Half a year ago, anarchist rioters decided to ignore pandemic warnings and took to street to burn down mom and pop stores under the banner of domestic terrorist group Antifa and the guise of Black Lives Matter to fight the people keeping us safe. Yesterday, patriots took to the street in a peaceful protest to defend democracy against obvious voter fraud.
Those are two different perspectives of the same events. They are based on descriptions I’ve seen around the internet, though they obviously come from wildly different parts of the internet. You most likely agreed with the one description, while the other was obvious propaganda a or “fake news.”
Psychology has a notion called “theory of mind.” Theory of mind is the ability to reason that other people have a different perspective than yourself. It is most often illustrated by the “Sally Anne task,” a psychological experiment wherein the subject sees two dolls, Sally and Anne. The experimenter has Sally put an item in a box with Anne watching.
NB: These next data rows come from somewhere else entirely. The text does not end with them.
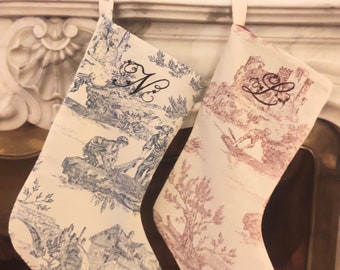 May include: Two personalized Christmas stockings with a toile pattern. The stocking on the left is blue and white and has the initial "M" embroidered on it. The stocking on the right is red and white and has the initial "L" embroidered on it.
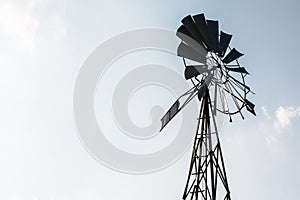 Old-fashioned wind pump against pale blue sky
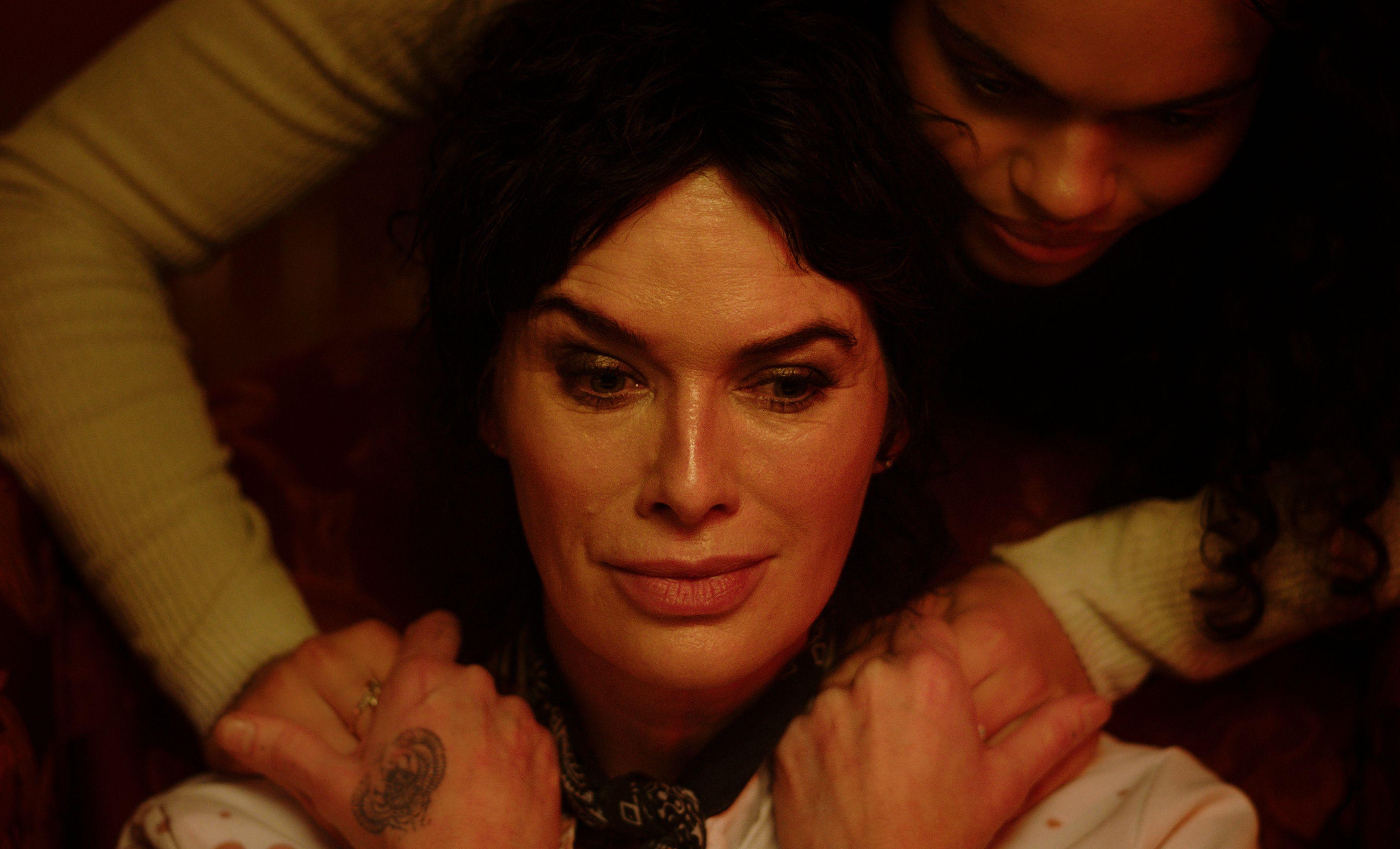 Still from "Long Pork" depicting actor Lena Headey looking into the camera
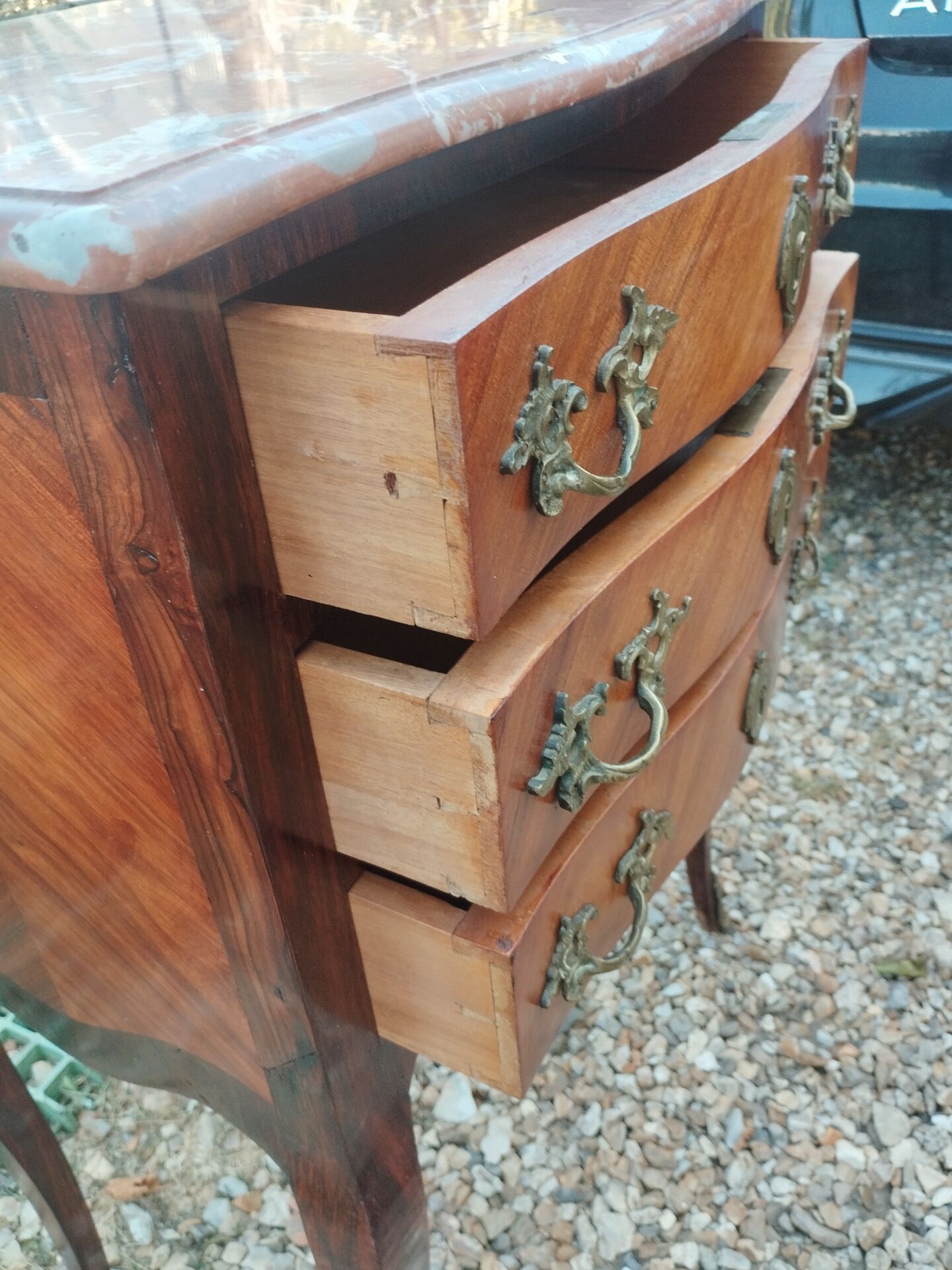 Antique marquetry commode with marble top in Louis XVI style.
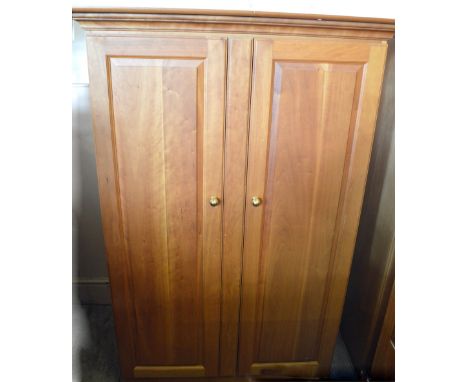 A pair of light coloured wardrobes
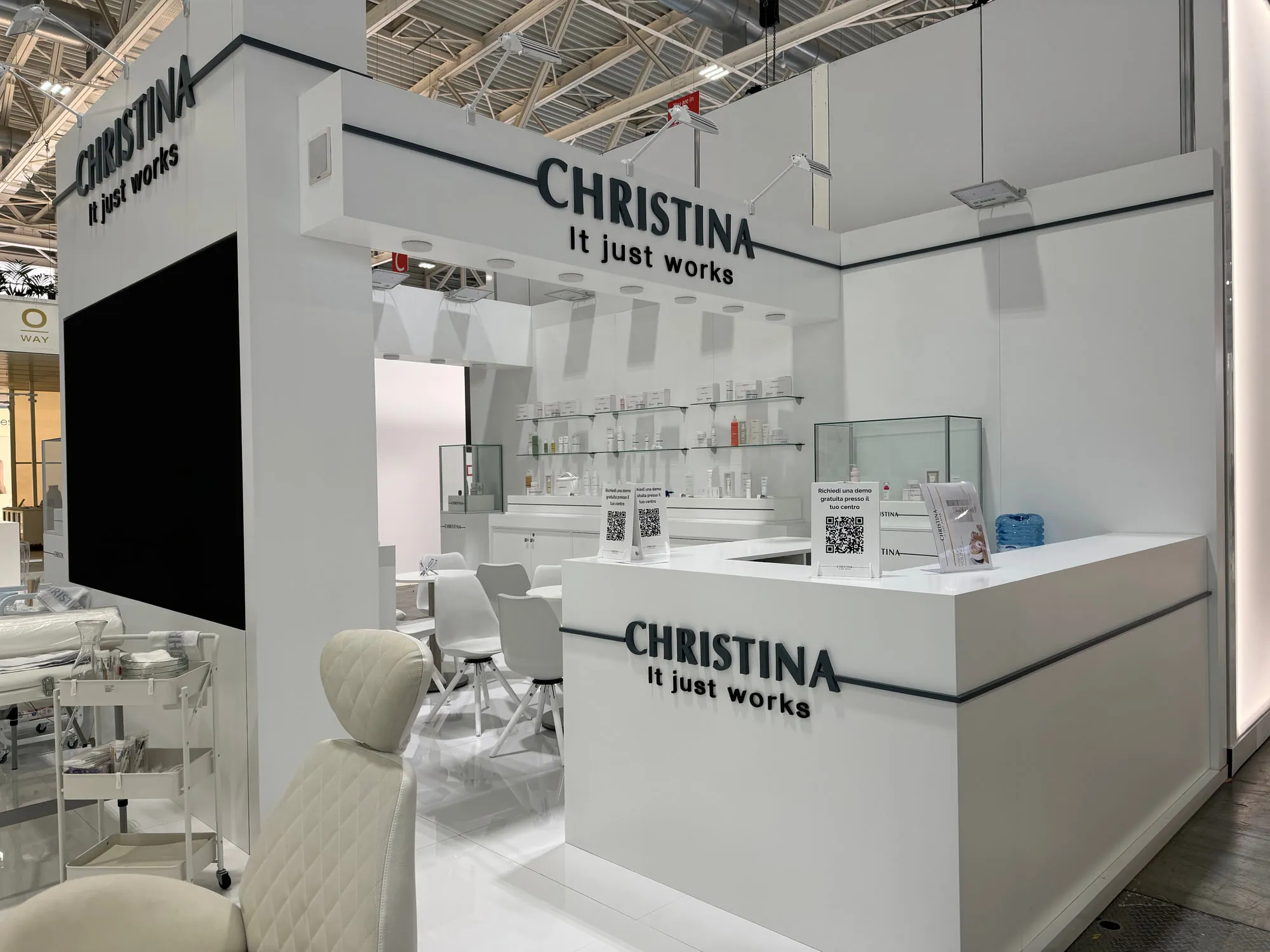 Bologna 2024 — white stand with glass display cases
Then Anne “leaves,” after which Sally removed the item from the box and hides it behind the curtains. Anne re-enters, and the experimenter asks the subject where Anne will look for the item. Most people reading this, will suggest Anne would look in a box, but that is not universal: children will suggest looking behind the curtain until around age 4-6. Children do not have theory of mind and cannot grasp that Anne has a different model of the world (the item is is in the box according to what she saw) than the subject (Sally moved the item behind the curtains). This can be lifted to the meta-level; for example, add a third doll, Eve, observing the regular Sally Anne task, make Eve leave and let Sally put the item back in the box. Now the question is where will Eve say Anne will look for the item? Now, we’re no longer reasoning about other people’s models of the world, but about other people’s models of other people’s models of the world.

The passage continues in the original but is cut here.